Output every record word for word, minus the pictures.

- - - - -

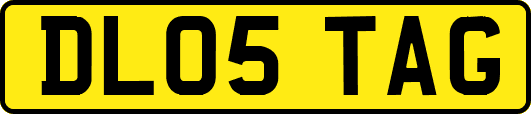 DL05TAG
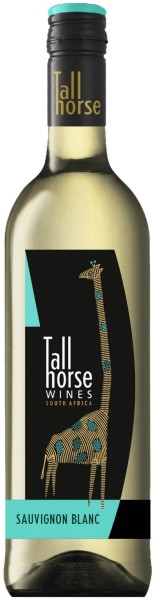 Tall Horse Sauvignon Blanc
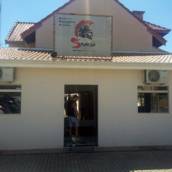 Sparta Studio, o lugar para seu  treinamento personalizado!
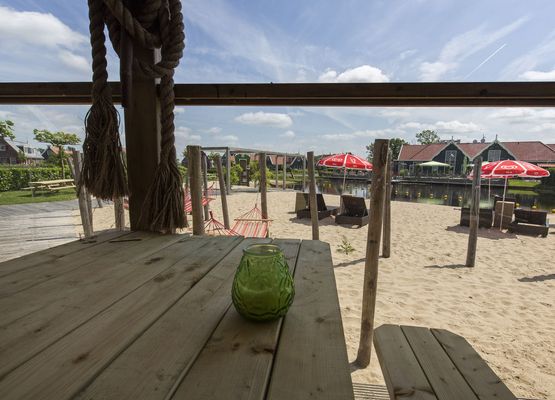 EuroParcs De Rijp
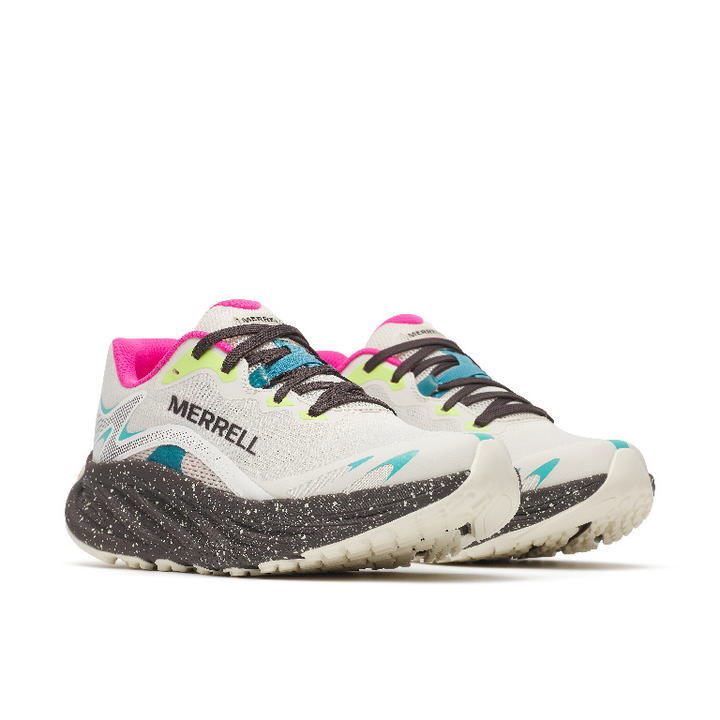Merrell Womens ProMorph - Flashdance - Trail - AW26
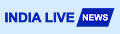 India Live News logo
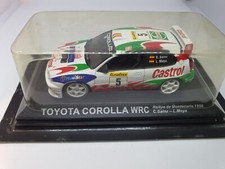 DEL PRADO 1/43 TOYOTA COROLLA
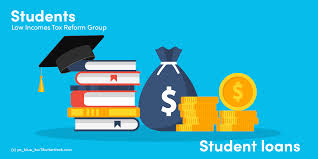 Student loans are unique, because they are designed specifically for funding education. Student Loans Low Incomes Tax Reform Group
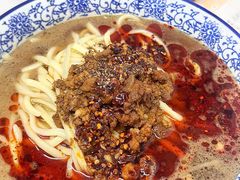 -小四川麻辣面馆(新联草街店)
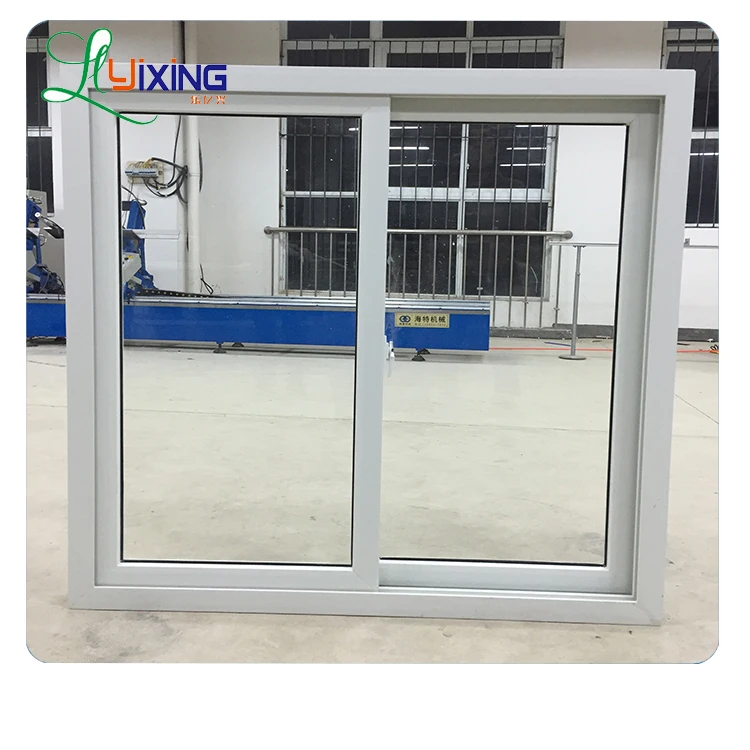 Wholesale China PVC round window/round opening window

- - - - -

* **Output below**
 DL05TAG
 Tall Horse Sauvignon Blanc
 Sparta Studio, o lugar para seu  treinamento personalizado!
 EuroParcs De Rijp
Merrell Womens ProMorph - Flashdance - Trail - AW26
 India Live News logo
 DEL PRADO 1/43 TOYOTA COROLLA
 Student loans are unique, because they are designed specifically for funding education. Student Loans Low Incomes Tax Reform Group
 -小四川麻辣面馆(新联草街店)
 Wholesale China PVC round window/round opening window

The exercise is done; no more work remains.